Merchandise Building Inc. v. Aviva Insurance Co. of Canada, [2006] O.J. No. 1119, Ontario Superior Court of Justice

In 1997, Merchandise owned and was in the process of converting space formerly used as a Sears warehouse into a mixed residential and commercial complex. It hired San-Mar Environmental Group (“San-Mar”), a demolition company, to demolish the interior structure of the building. While the demolition work was underway, a fire occurred which was caused by the negligence of a San-Mar worker. The next day, orders were issued by both the Fire Marshal and the Ministry of Labour requiring that a number of steps be taken prior to work continuing at the site. As a result, the project was delayed and Merchandise commenced an action claiming damages for the cost of the work required to repair, as well as damages for the delay incurred. At the time of trial, San-Mar was insolvent and Merchandise proceeded against San-Mar’s insurer, Aviva, directly.

Merchandise and Aviva agreed to proceed by way of arbitration on an agreed statement of facts. The arbitrator dismissed all Merchandise’s claims and found that the claims for property damage, cost of removal and disposal of debris were excluded under the Aviva policy. The increased cost of demolition associated with the installation of additional fire protection system required pursuant to the Fire Marshal’s orders were not recoverable as San-Mar was not liable for costs relating to fire protection systems. Merchandise appealed the arbitrator’s decision.

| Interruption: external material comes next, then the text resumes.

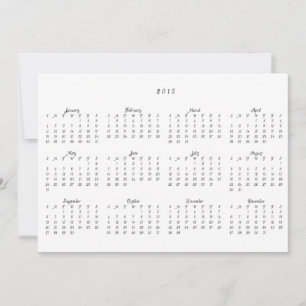 Foto Holiday 2015 Kalender Weihnachtskarte Feiertagskarte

In determining the appropriate standard of review, the Court noted that an appeal was not a re-trial of a case and the arbitrator’s decision should be given due deference. The Court held that the arbitrator’s decision should not be disturbed “absent palpable and overriding error”.

The Court reviewed the arbitrator’s interpretation of the exclusion clauses in the Aviva policy which excluded coverage for property damage to the Insured’s work and property damage to “that particular part of any property that must be restored, repaired or replaced because your work was incorrectly performed on it”. The arbitrator had held that these exclusion clauses were effective to exclude coverage for the bulk of the claims being advanced by Merchandise relating to the cost of removal of the combustible debris. The Court held that the arbitrator’s decision in this regard was not “palpably wrong” and refused to overturn the decision on this point.

The arbitrator also found that the exclusion clause relating to property damage to “impaired property” arising out of a delay or failure by the Insured to perform a contract was applicable. The property at issue fit the definition of “impaired property” and any delay causing damage to Merchandise was referable to San-Mar’s failure to perform its agreement. The Court held that there was no indication of palpable or overriding error in the arbitrator’s conclusion on the application of this exclusion.

In the result, the appeal was dismissed.